El invierno, las lluvias, el eventual aislamiento de una ciudad que está a sólo tres kilómetros de Gesell tampoco los asusta. “El primer año es el más difícil, aunque para nosotros fue menos porque estuvimos viviendo un tiempo en Gesell, mientras levantábamos la casa. Acá, si llueve mucho, la ruta a la villa se cierra y se paraliza todo, pero no hay problema. Una vez que ya pasaste el primer invierno, ya te acostumbrás.” Los Schifano llevan “veinte años de casados y siete y medio de novios”. Ahora sueñan con envejecer juntos en la placidez de Mar de las Pampas.

Pedro Lanteri empezó a trabajar en Mar de las Pampas en 1980, un año después de relacionarse con la Asociación Madres de Plaza de Mayo. Amigo personal de Hebe de Bonafini y de muchas de las madres, fue presentador oficial en todos los actos, recitales y conferencias por décadas. Fue uno de los animadores en la última Marcha de la Resistencia, el 25 de enero pasado.
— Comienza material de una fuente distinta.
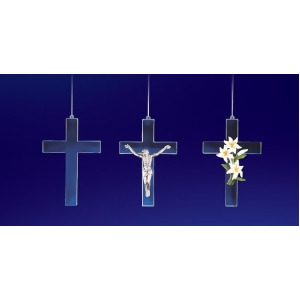 Club Pack of 12 Icy Crystal Decorative Religious Cross Ornaments 4.5 - All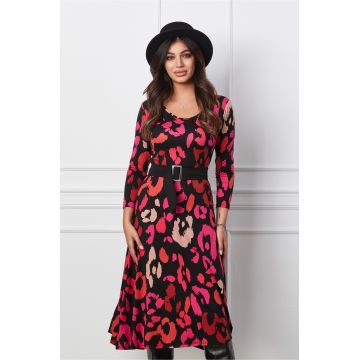 Rochie Sara neagra cu flori fucsia si cordon in talie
Lanteri, luego de vivir de las clases de teatro y del periodismo radial, se vinculó con una inmobiliaria y desde 1980 comenzó a vender terrenos en Mar de las Pampas. Desde hace cuatro años vive acá.

Lanteri llegó de la mano de su ex cuñado, el ingeniero Jorge Vázquez, que estaba desde 1976. “Yo fui el primer martillero de Mar de las Pampas. Vinimos a vender terrenos y pasábamos todas las temporadas. Desde el 2001 estoy viviendo acá, aunque viajo seguido a Buenos Aires, porque allá siguen viviendo mi esposa, Cristina, con la que estoy casado desde hace 20 años y mi hijo Lucas, que está terminando de estudiar. Ellos viajan seguido para acá y la idea es que nos vengamos todos.” Lanteri admite que “al principio fue duro, sobre todo en invierno, porque el frío te cala los huesos”.

“Acá es mucho más posible la solidaridad y también la vida cultural. Los que estamos acá, unas 600 personas que conforman unas 200 familias, nos vinimos porque estábamos cansados de Buenos Aires. Fundamos la ciudad y sus instituciones, la Sociedad de Fomento y la Asociación de Emprendedores Turísticos. Muchos somos de Buenos Aires o de La Plata y lo que vemos es que cada vez viene gente más tranquila, que no quiere lo fashion sino el contacto con la naturaleza.” Este año llegaron unos 3500 turistas por quincena que ocuparon los 84 complejos turísticos, uno de los cuales, Avalon, es propiedad de Lanteri.

“Nosotros fundamos un club en cuyo estatuto se reivindica, expresamente, el arte del boludeo.” Mientras se ríe, comenta que él es uno de los responsables de “un coro bizarro formado por gente que no sabe cantar y que son propietarios de los complejos turísticos o laburantes de la construcción”. Se rectifica a sí mismo y dice que es “la directora del coro, porque me disfrazo de gorda y los dirijo mientras cantan mal, malas canciones de Palito Ortega, de Pimpinela. Somos 14 personas que disfrutamos de hacer cosas que jamás podríamos hacer en Buenos Aires. Y también generamos cosas serias, como el primer encuentro de escritores locales. Hasta editamos un libro. También estuvimos siete días con artistas plásticos, al frente de un espacio cultural que en Buenos Aires es difícil de obtener”.